Line by line, set down all the data below exactly, omitting any picture.

==== RECORDS FOR THE TASK ====

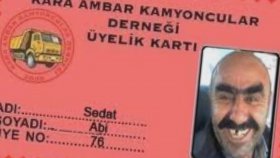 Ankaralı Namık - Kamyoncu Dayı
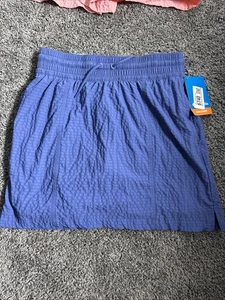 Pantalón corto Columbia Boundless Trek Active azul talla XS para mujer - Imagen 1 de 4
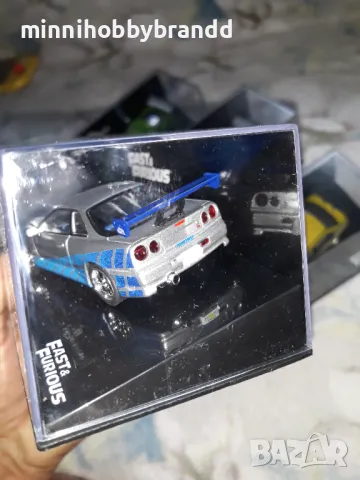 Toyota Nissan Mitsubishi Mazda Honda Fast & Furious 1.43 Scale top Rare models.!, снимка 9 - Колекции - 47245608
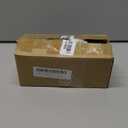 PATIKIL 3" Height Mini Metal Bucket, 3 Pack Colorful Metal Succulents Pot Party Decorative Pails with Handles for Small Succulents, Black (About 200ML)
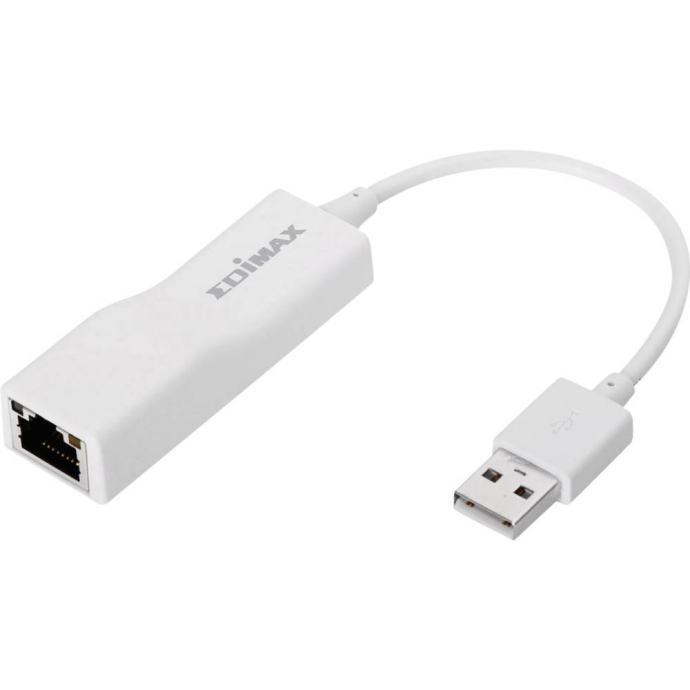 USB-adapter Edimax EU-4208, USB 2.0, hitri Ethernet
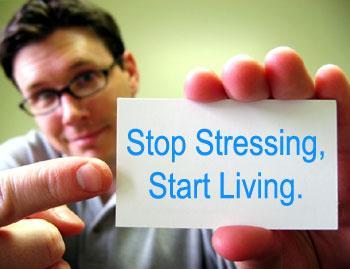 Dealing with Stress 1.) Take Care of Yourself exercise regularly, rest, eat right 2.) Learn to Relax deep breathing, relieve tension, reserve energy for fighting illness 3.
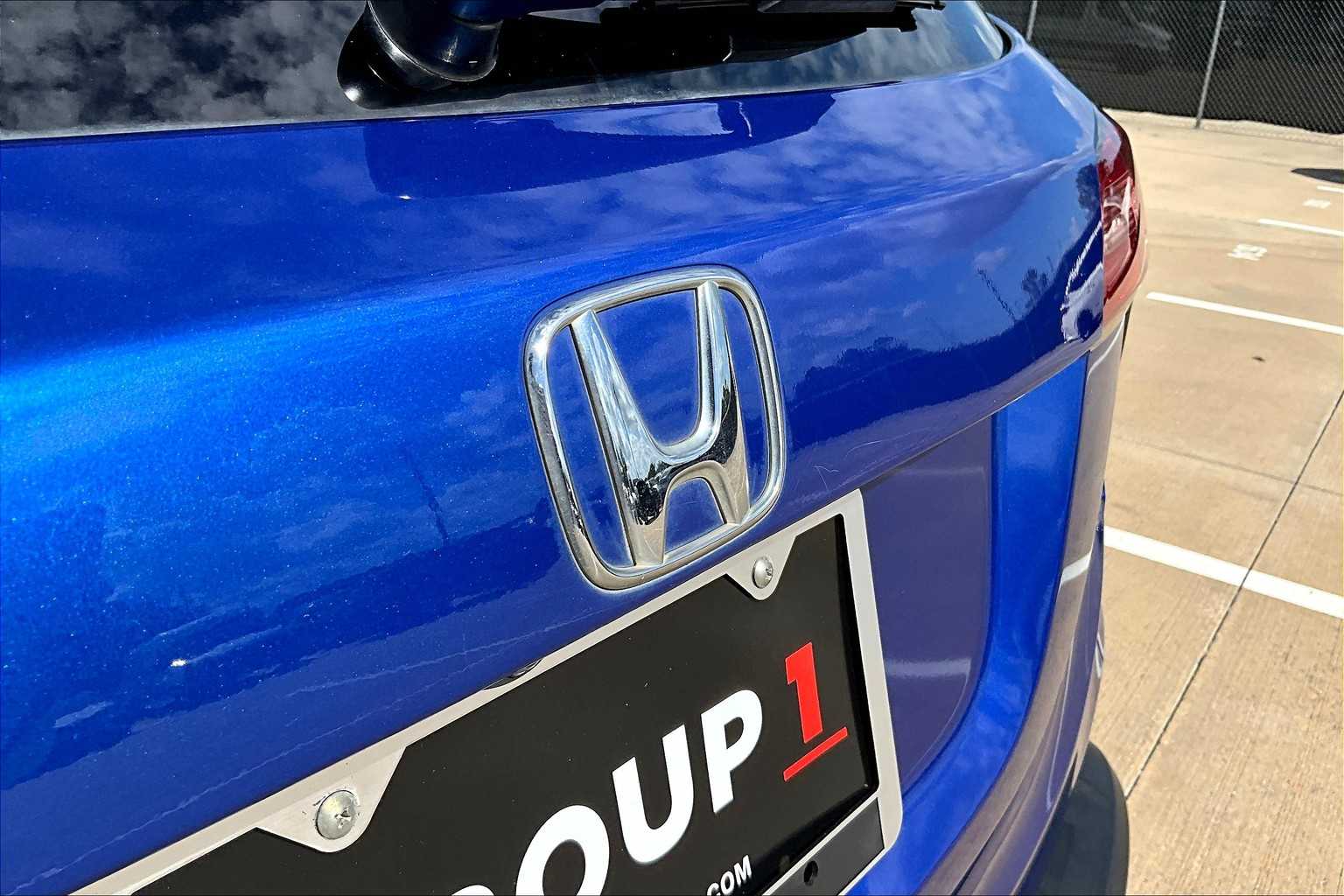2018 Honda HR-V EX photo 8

====

◆ WRITTEN SOLUTION
 Ankaralı Namık - Kamyoncu Dayı
 Pantalón corto Columbia Boundless Trek Active azul talla XS para mujer - Imagen 1 de 4
 Toyota Nissan Mitsubishi Mazda Honda Fast & Furious 1.43 Scale top Rare models.!, снимка 9 - Колекции - 47245608
 PATIKIL 3" Height Mini Metal Bucket, 3 Pack Colorful Metal Succulents Pot Party Decorative Pails with Handles for Small Succulents, Black (About 200ML)
 USB-adapter Edimax EU-4208, USB 2.0, hitri Ethernet
 Dealing with Stress 1.) Take Care of Yourself exercise regularly, rest, eat right 2.) Learn to Relax deep breathing, relieve tension, reserve energy for fighting illness 3.
2018 Honda HR-V EX photo 8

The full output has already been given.